The Chinese reaction came the day after Mr Krishna and his counterparts and representatives from the Group of Four (G-4; comprising India, Brazil, Germany and Japan) met in New York and issued a joint statement, reaffirming their agreement “to press ahead, with all necessary steps to achieve at the earliest an expansion in both the permanent and non-permanent membership categories of the Security Council.”
The Chinese spokesman’s remarks coincided with foreign secretary Nirupama Rao’s remarks in New York Saturday that China was not expressing itself openly in terms of India’s candidacy although she was hopeful that Beijing would not block India from getting a permanent UN Security Council seat when the matter came to a vote.
China is the only P5 (Permanent Five) member not to explicitly support India for a permanent UN Security Council seat.
Although the joint statement issued towards the end of Chinese Premier Wen Jiabao’s visit to India in December 2010 said that China understands and supports India’s aspiration to play a greater role in the United Nations, including in the Security Council, the growing support and urgency for the reforms seems to have caught Beijing by surprise.
Currently all 192 UN members are considering a five-page document, which is the latest proposal to come out of the text-based negotiations being chaired by Zahir Tanin, Afghanistan’s envoy to the UN.
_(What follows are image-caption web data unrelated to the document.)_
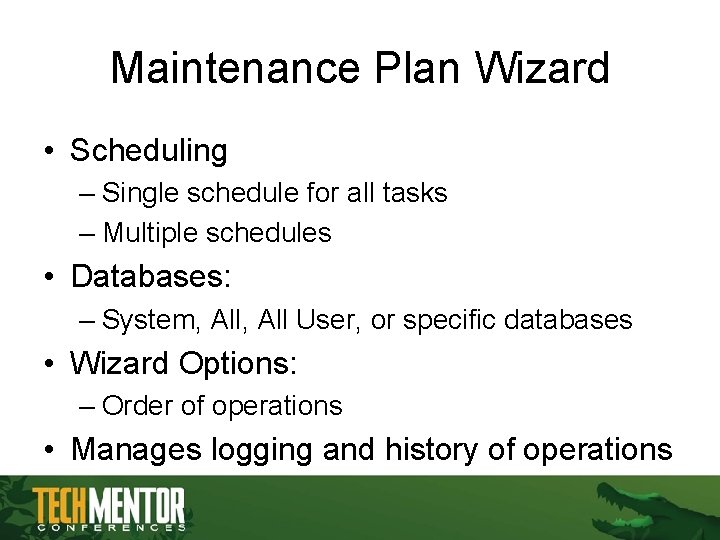 Maintenance Plan Wizard • Scheduling – Single schedule for all tasks – Multiple schedules Maintenance Plan Wizard • Scheduling – Single schedule for all tasks – Multiple schedules
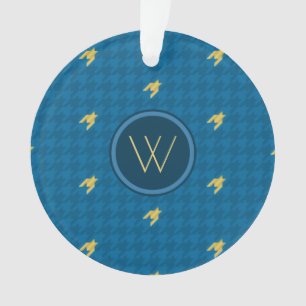 Blau mit Gold Accent Hahnentrittmuster Ornament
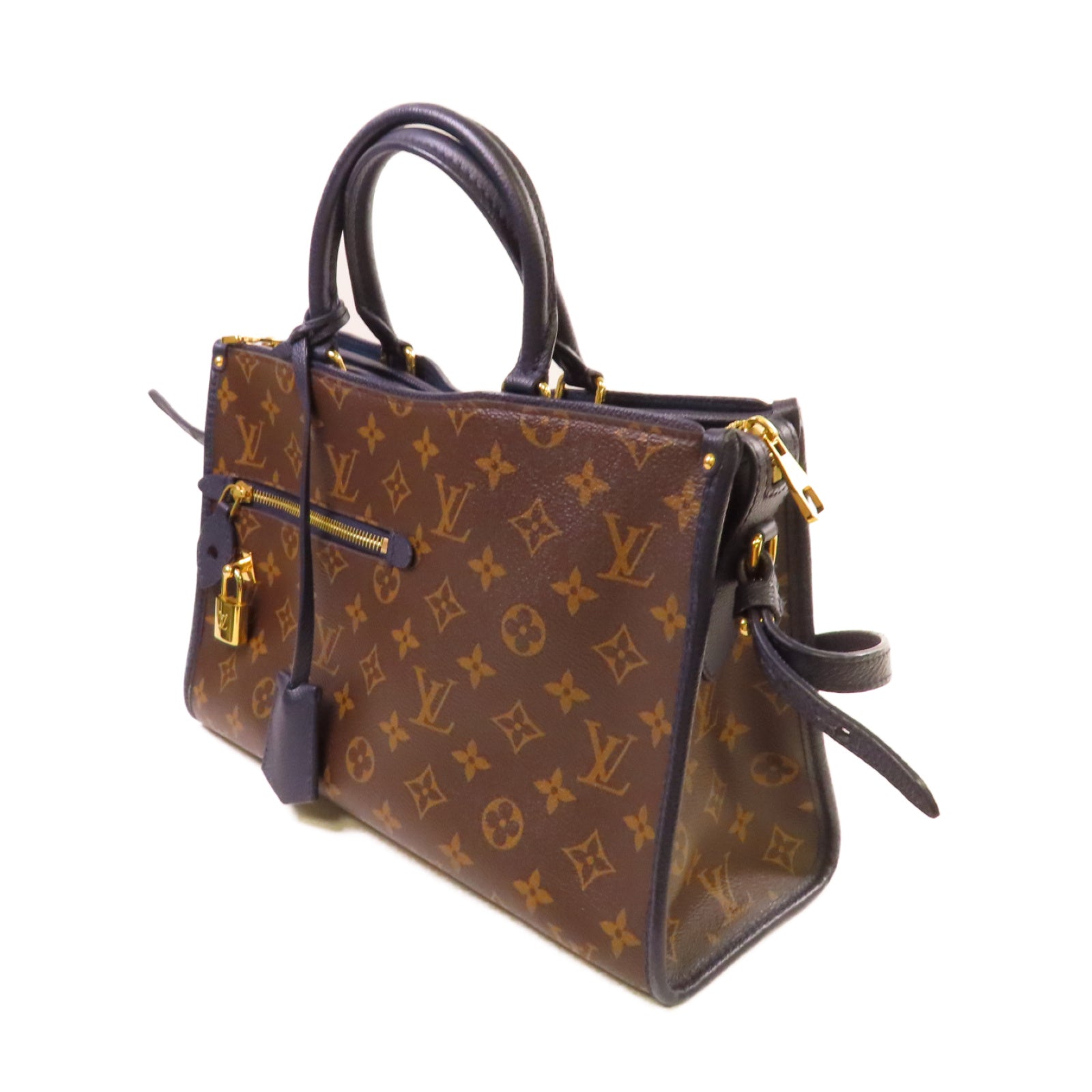 LOUIS VUITTON Monogram Popincourt PM 2Way Shoulder Bag金扣手挽肩背兩用袋啡色/寶藍色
On the margins of his participation in a UN Security Council debate on the “maintenance of international peace and security: interdependence between security and development”, Mr Krishna also met with his counterparts and officials from the “L69” group comprising 40 countries from Africa, Latin America and the Caribbean, Asia and the Pacific; IBSA (an acronym for India, Brazil and South Africa); and UN General Assembly president Joseph Deiss, who is from Switzerland.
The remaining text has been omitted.